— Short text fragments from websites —
━━━━━━
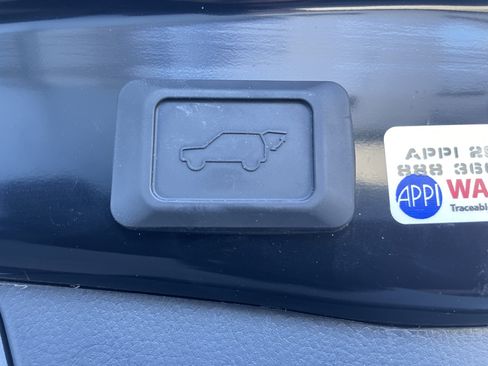 Used 2023 Toyota RAV4 Limited image 38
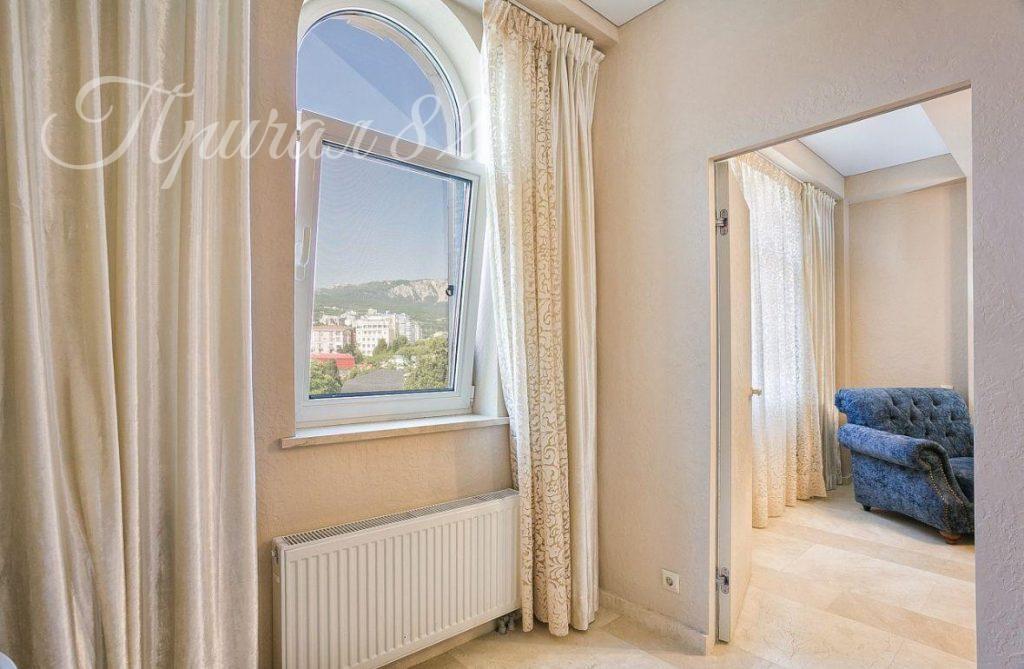 Ялта, улица Екатеринеская, дом 3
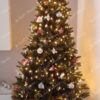 Umjetno božićno drvce s tamnozelenim granama, ukrašeno bijelim i crvenim ukrasima
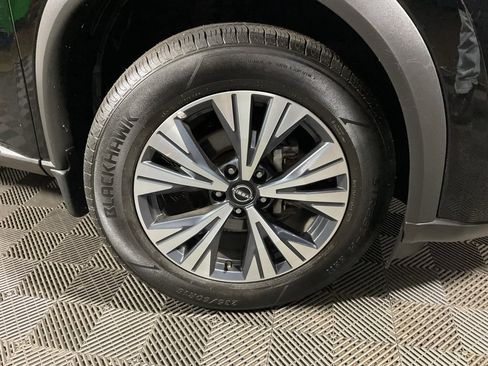 Used 2023 Nissan Rogue SV image 36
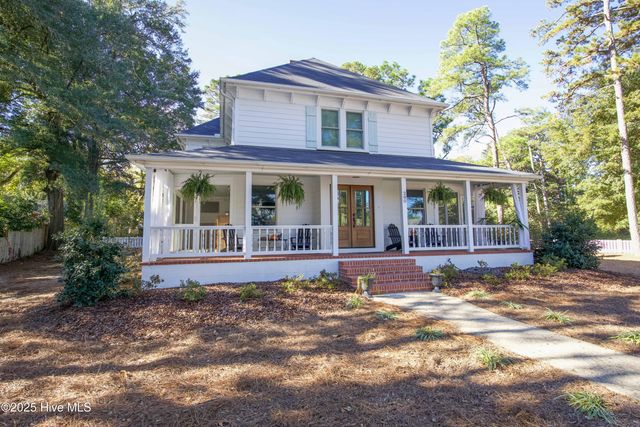 280 W Connecticut Avenue, Southern Pines, NC 28387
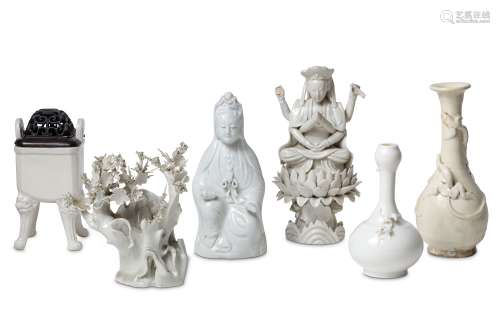 A COLLECTION OF CHINESE WHITE-GLAZED AND BLANC-DE-CHINE ITEMS.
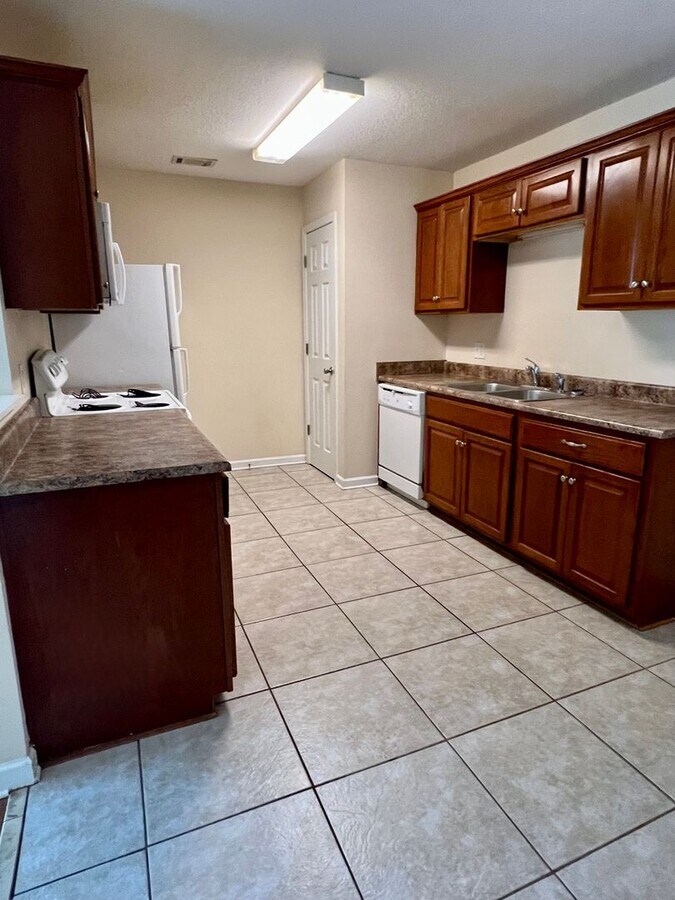 Old Mill Apartments - Old Mill Apartments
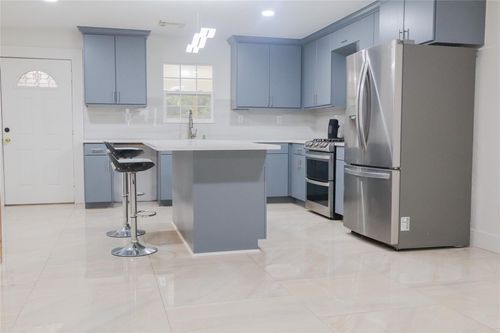 1007 Prune St, La Marque, TX, 77568-5737 | Card Image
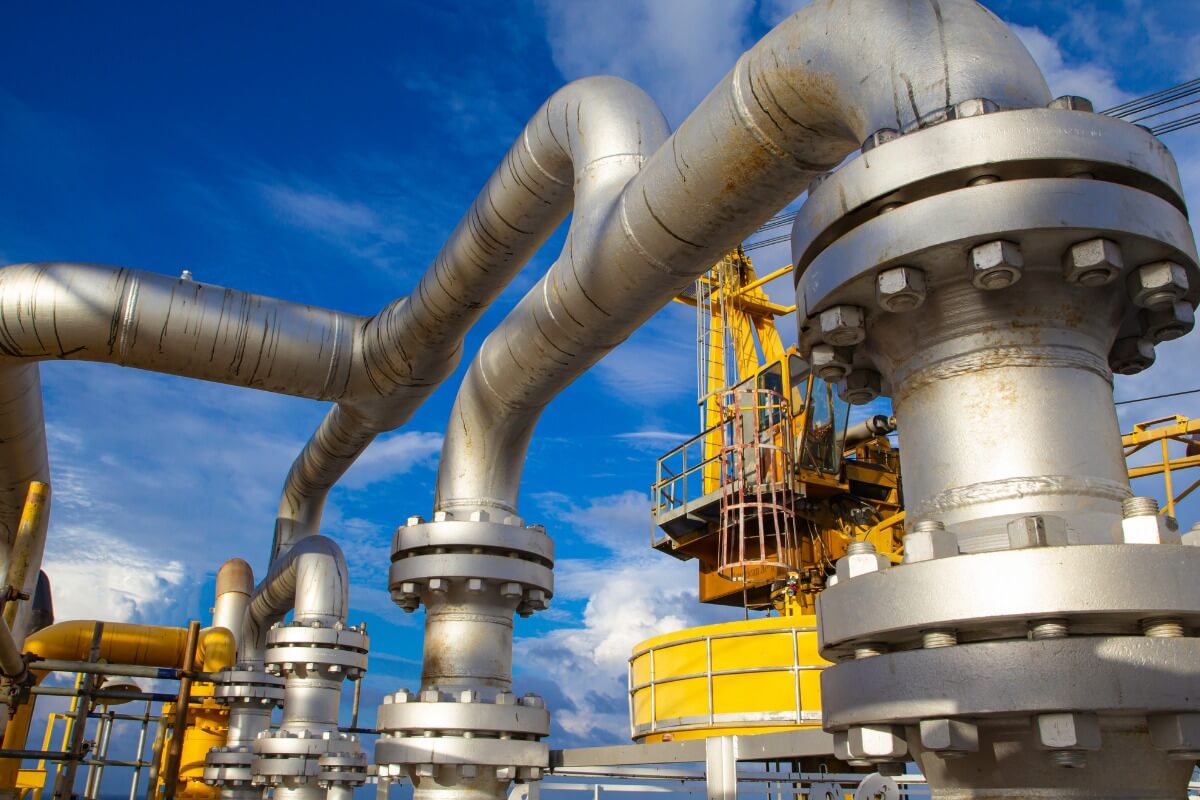OIL & GAS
━━━━━━
— Brief —
In the records above, find the line with "Umjetno božićno drvce" and the line with "Old Mill Apartments - Old Mill Apartments"; please transcribe exactly those two lines and all lines between them, omitting any picture.

— Finished exercise —
 Umjetno božićno drvce s tamnozelenim granama, ukrašeno bijelim i crvenim ukrasima
 Used 2023 Nissan Rogue SV image 36
 280 W Connecticut Avenue, Southern Pines, NC 28387
 A COLLECTION OF CHINESE WHITE-GLAZED AND BLANC-DE-CHINE ITEMS.
 Old Mill Apartments - Old Mill Apartments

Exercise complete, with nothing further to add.